Karena itu, pemerintah daerah berupaya memastikan seluruh aspek penyelenggaraan berjalan optimal. Mulai dari transportasi, layanan kesehatan, kebersihan kawasan wisata hingga kesiapan fasilitas pendukung lainnya menjadi perhatian utama menjelang pelaksanaan kegiatan.

Dalam rapat tersebut, Pj Sekdaprov Sumut juga meminta seluruh perangkat daerah bekerja secara terintegrasi agar para peserta memperoleh pengalaman terbaik selama berada di Sumatera Utara.

 "Untuk Dinas Kesehatan, dipetakan titik posko kesehatan, lakukan pengecekan rumah sakit rujukan di sekitar lokasi. Pastikan kebersihannya, kerapihan, terutama di wilayah waterfront city, dekat pasar," katanya.

Pemerintah berharap kualitas pelaksanaan tahun ini dapat melampaui penyelenggaraan sebelumnya. Kolaborasi antara pemerintah provinsi, pemerintah kabupaten, aparat keamanan, serta berbagai pihak terkait dinilai menjadi kunci suksesnya event tersebut.

Sementara itu, Kepala Dinas Kebudayaan, Pariwisata, dan Ekonomi Kreatif Sumut, Yuda Pratiwi Setiawan, mengungkapkan bahwa antusiasme peserta terus meningkat. Pendaftaran resmi telah ditutup dengan total 1.015 pelari dari 34 negara yang dipastikan ambil bagian.

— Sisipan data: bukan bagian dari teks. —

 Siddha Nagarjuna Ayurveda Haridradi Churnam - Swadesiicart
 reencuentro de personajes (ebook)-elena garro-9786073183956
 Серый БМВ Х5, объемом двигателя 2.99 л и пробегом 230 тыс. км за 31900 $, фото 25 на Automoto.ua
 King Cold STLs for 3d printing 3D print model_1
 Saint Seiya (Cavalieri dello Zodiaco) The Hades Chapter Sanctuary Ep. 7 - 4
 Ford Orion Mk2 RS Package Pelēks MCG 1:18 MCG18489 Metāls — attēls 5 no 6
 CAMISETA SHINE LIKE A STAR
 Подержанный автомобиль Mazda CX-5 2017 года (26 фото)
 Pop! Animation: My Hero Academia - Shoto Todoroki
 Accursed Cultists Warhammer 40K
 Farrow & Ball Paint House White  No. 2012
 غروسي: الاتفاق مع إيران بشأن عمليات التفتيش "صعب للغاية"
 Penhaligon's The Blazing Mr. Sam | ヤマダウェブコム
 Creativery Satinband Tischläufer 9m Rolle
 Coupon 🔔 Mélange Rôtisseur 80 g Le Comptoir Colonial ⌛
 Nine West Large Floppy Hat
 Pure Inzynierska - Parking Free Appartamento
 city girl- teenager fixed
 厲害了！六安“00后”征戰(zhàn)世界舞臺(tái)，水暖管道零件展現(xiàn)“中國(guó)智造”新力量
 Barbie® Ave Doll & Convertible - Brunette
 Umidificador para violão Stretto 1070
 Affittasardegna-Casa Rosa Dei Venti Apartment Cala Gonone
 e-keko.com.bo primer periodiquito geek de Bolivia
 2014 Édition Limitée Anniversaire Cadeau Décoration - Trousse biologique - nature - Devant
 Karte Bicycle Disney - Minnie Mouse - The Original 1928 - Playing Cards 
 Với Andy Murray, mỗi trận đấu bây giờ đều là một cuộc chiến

Jumlah tersebut menunjukkan peningkatan dibanding tahun lalu yang diikuti peserta dari 27 negara.

"Ada kenaikan jumlah partisipasi untuk tahun 2026. Pada tahun 2025 partisipasi pelari berasal dari 27 negara. Kami juga sudah berkoordinasi dengan kepolisian untuk pengamanan penyebrangan ke Samosir," ujar Yuda.

Ajang ini akan dipusatkan di kawasan Waterfront City Pangururan, Kabupaten Samosir. Gubernur Sumatera Utara Muhammad Bobby Afif Nasution dijadwalkan melepas peserta secara langsung. Untuk kategori utama 100 kilometer, start akan dilakukan pada pukul 03.00 WIB.

Selain kategori 100K, panitia juga membuka nomor 60K, 28K, 10K, 5K, hingga Kids Race sehingga memungkinkan partisipasi pelari dari berbagai kelompok usia dan tingkat kemampuan.

Di sisi lain, Pemerintah Kabupaten Samosir menyambut positif kehadiran kembali event internasional tersebut. Bupati Samosir Vandiko Timotius Gultom menilai Trail of The Kings by UTMB bukan hanya menjadi ajang olahraga, tetapi juga kesempatan besar untuk menggerakkan ekonomi masyarakat lokal.

"Kami siap mendukung kegiatan ini. Akan ada dampak ekonomi bagi masyarakat Samosir," kata Vandiko.